10 Furthermore, these proteases can contribute to the sustained growth of established tumor foci by cleavage of the ectodomain of membrane-bound proforms of growth factors, releasing peptides that are mitogens for tumor cells and/or vascular endothelial cells.10 The other chief components of the ECM are glycosaminoglycan polysaccharides, of which heparan sulfate Inhibitors,research,lifescience,medical (HS) is the most abundant in
the subepithelial and subendothelial basement membranes. Heparan sulfate proteoglycans (HSPGs) are composed of a protein core covalently linked to heparan sulfate (HS) glycosaminoglycan chains that interact closely with other ECM components.11,12 These linear saccharide chains are selleck catalog cleaved by an endoglycosidase activity, heparanase, that degrades the HS side chains of HSPGs.13–15 Normally, the enzyme Inhibitors,research,lifescience,medical is found mainly in platelets, mast cells, placental trophoblasts, keratinocytes,
and leukocytes. Heparanase released from activated platelets and cells of the immune system facilitates extravasation of inflammatory cells.

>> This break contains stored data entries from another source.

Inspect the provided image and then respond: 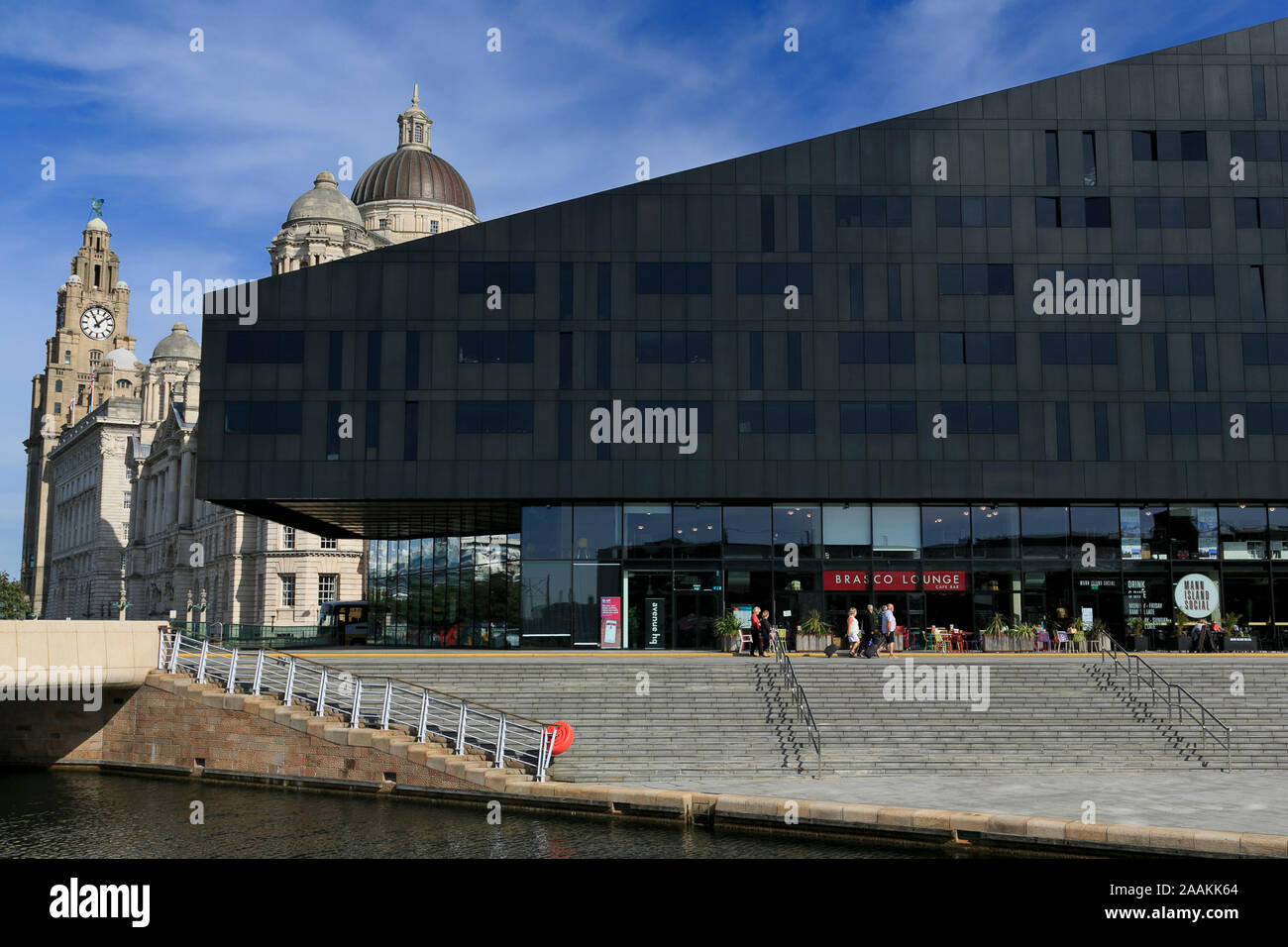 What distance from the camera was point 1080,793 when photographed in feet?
72.0

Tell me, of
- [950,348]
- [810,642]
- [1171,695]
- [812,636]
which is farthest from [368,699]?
[950,348]

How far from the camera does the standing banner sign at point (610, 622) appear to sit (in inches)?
1566

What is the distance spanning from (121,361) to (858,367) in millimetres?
147449

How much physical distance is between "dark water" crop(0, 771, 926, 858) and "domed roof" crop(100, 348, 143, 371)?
14848cm

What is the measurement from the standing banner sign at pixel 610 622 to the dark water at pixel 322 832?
1522cm

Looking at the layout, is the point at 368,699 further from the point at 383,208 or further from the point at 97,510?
the point at 97,510

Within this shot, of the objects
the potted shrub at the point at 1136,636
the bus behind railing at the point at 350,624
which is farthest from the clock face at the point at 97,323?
the potted shrub at the point at 1136,636

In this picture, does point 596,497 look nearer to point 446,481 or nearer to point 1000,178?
point 446,481

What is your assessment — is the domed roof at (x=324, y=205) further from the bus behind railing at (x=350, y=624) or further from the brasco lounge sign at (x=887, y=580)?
the brasco lounge sign at (x=887, y=580)

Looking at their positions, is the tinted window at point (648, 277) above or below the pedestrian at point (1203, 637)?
above

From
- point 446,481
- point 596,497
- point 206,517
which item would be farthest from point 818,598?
point 206,517

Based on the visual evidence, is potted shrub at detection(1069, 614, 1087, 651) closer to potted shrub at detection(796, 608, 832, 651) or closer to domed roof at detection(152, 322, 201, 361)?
potted shrub at detection(796, 608, 832, 651)

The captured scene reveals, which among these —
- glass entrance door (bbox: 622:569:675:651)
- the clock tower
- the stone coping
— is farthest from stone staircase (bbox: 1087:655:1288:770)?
the clock tower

It also stimulates endothelial mitogenesis, primarily through release of HS-bound growth factors (i.e. fibroblast growth factor (FGF), hepatocyte growth factor (HGF), vascular endothelial growth factor (VEGF)) Inhibitors,research,lifescience,medical residing in the ECM.16,17 Tumor cells appear to use the same molecular machinery during metastasis and neoangiogenesis (Figure 1). Thus, the normal physiological functions of proteases and heparanases in embryonic morphogenesis, wound-healing, tissue repair, and inflammation have been effectively “hijacked” Inhibitors,research,lifescience,medical by tumor cells. Figure 1 Heparanase-mediated extravasation of blood-borne cells. Heparanase expressed by tumor cells (left) and neutrophils (right) promotes cell invasion in between adjacent vascular endothelial cells (EC) and through their underlying basal lamina (BL) into the … Evidence indicates that heparanase not only assists in the break-down of ECM but also is involved in regulating the bioavailability and activity of growth factors Inhibitors,research,lifescience,medical and cytokines. Briefly, various heparin-binding growth factors are sequestered
by HS in the ECM, providing a localized, readily accessible depot, protected from proteolytic degradation,18,19 yet available to activate cells after being released by heparanase. It is conceivable that release of tissue-specific growth factors may be involved in the organ selectivity of metastasis. Although these well documented phenomena were investigated AV-951 by us and other groups, it has taken nearly 15 years to isolate and clone the heparanase gene, mainly because of instability of the enzyme(s) and the difficulty in designing specific, quantitative assays. The cDNA sequences of the first and apparently only mammalian heparanase, isolated from human placenta14 and platelets,15 have been reported in 1999, and putative precursor and active recombinant enzymes have been expressed.